Using NumPy, the method determines and rounds the feature importances acquired from a trained Decision Tree Classifier. The significance of every feature in the dataset is represented, rounded to three decimal places, by the array. The quantification of each feature's contribution to the model's decision-making process is achieved through feature importances. The last feature in this particular instance has a significance of 0.0, indicating that it has little bearing on the classifier's predictions. Comprehending the significance of features aids in determining whether characteristics have a substantial effect on the model's performance and can direct the process of feature selection or engineering.

## More Regularization

In [151]:
tree_clf2 = DecisionTreeClassifier(min_samples_leaf = 10, max_depth=5)

tree_clf2.fit(train_x, train_y)

In [152]:
#Train accuracy:
train_y_pred = tree_clf2.predict(train_x)

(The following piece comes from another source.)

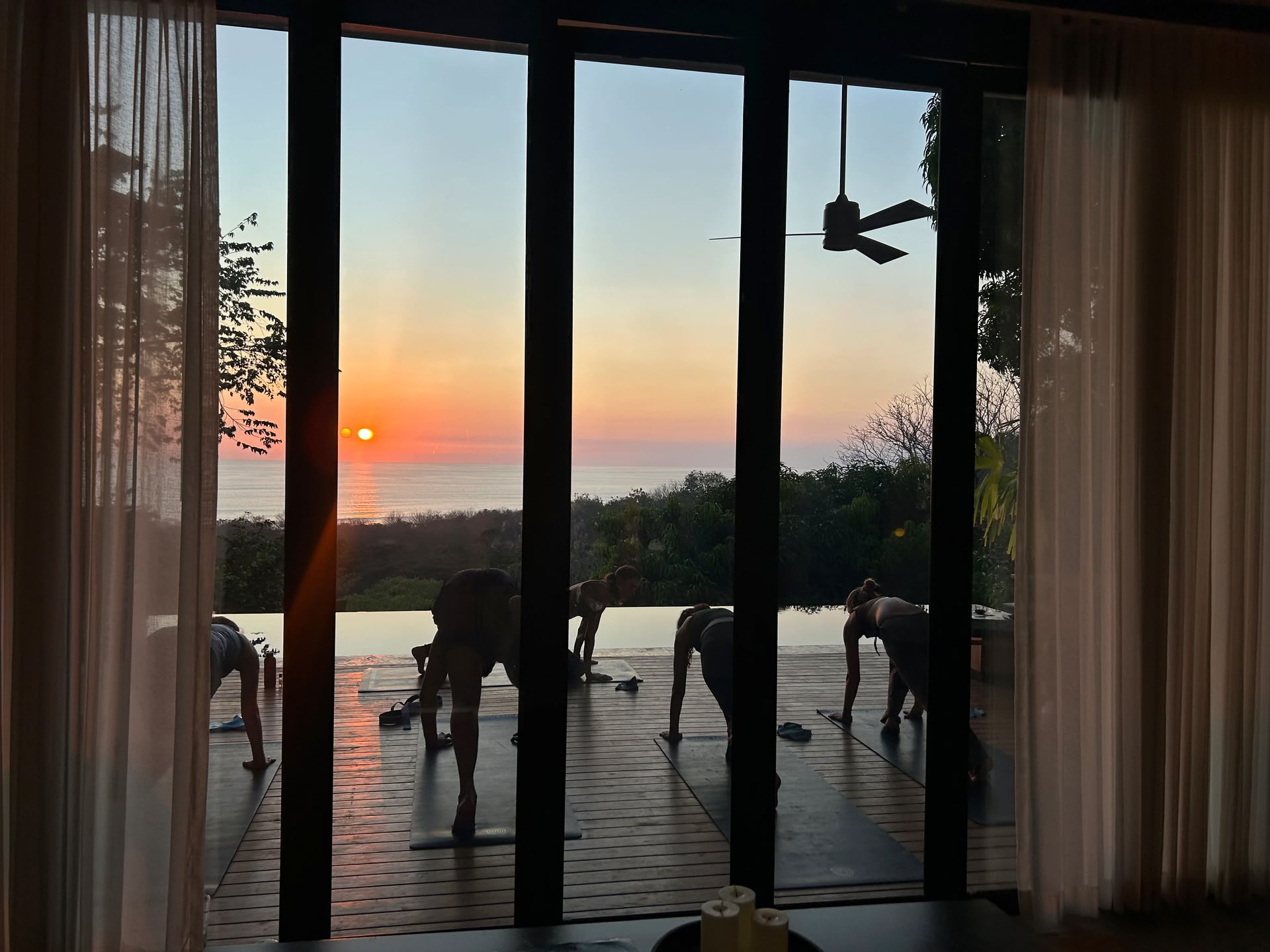 Pilates-Reformer-Retreat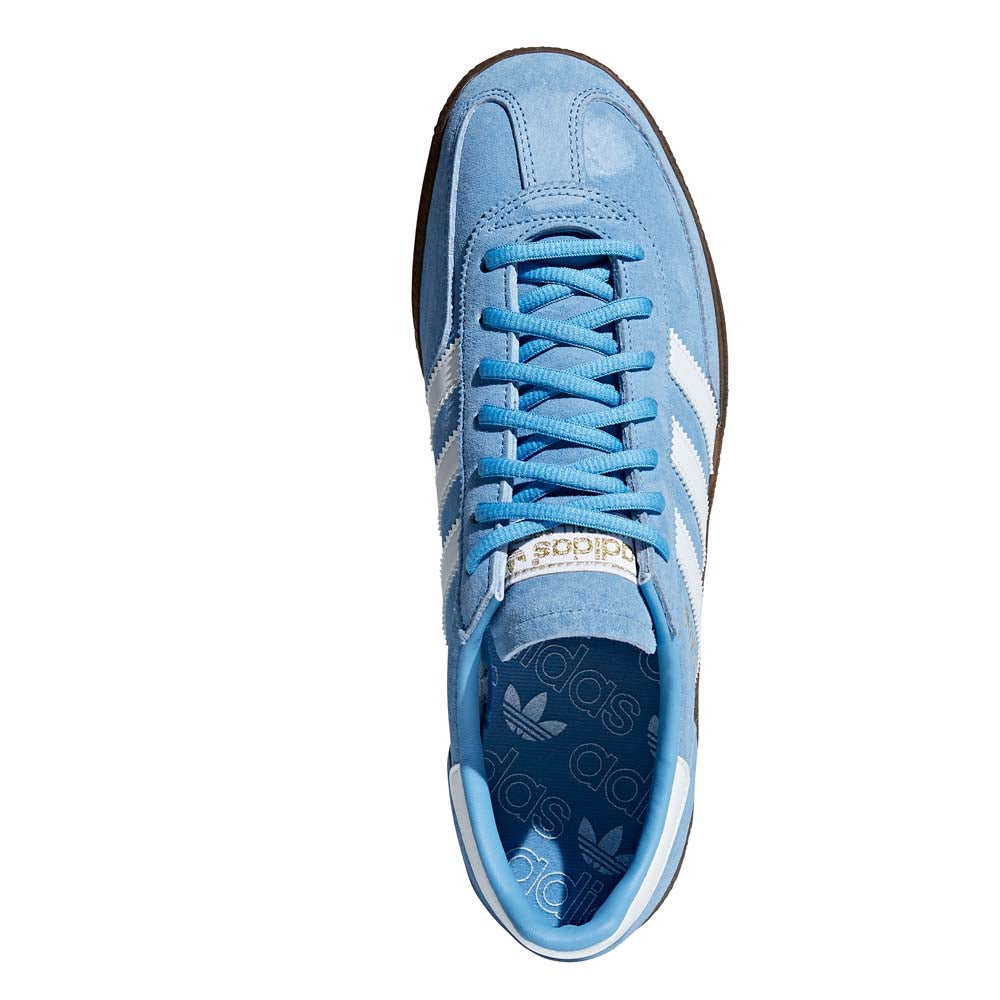 adidas Men's Handball Spezial Shoes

print(accuracy_score(train_y, train_y_pred))

0.8572492057858608


In [153]:
#Test accuracy:
test_y_pred = tree_clf2.predict(test_x)

print(accuracy_score(test_y, test_y_pred))

0.8577083880349822


In [154]:
#Test confusion matrix
confusion_matrix(test_y, test_y_pred)

array([[37097,  2036],
       [ 5009,  5369]], dtype=int64)

Using min_samples_leaf set to 10 and max_depth=5, a new Decision Tree Classifier, {tree_clf2}, is trained in this code. These hyperparameters determine the minimum number of samples needed to be a leaf node as well as the complexity of the tree. Next, the training and testing datasets' accuracy scores are determined. The testing accuracy is around 85.77%, while the training accuracy is about 85.72%. In addition, a confusion matrix showing the model's predictions as a 2x2 array is provided for the testing data. Offering comprehensive insights into the classifier's performance on the testing set, this matrix displays the counts of true positive, true negative, false positive, and false negative cases.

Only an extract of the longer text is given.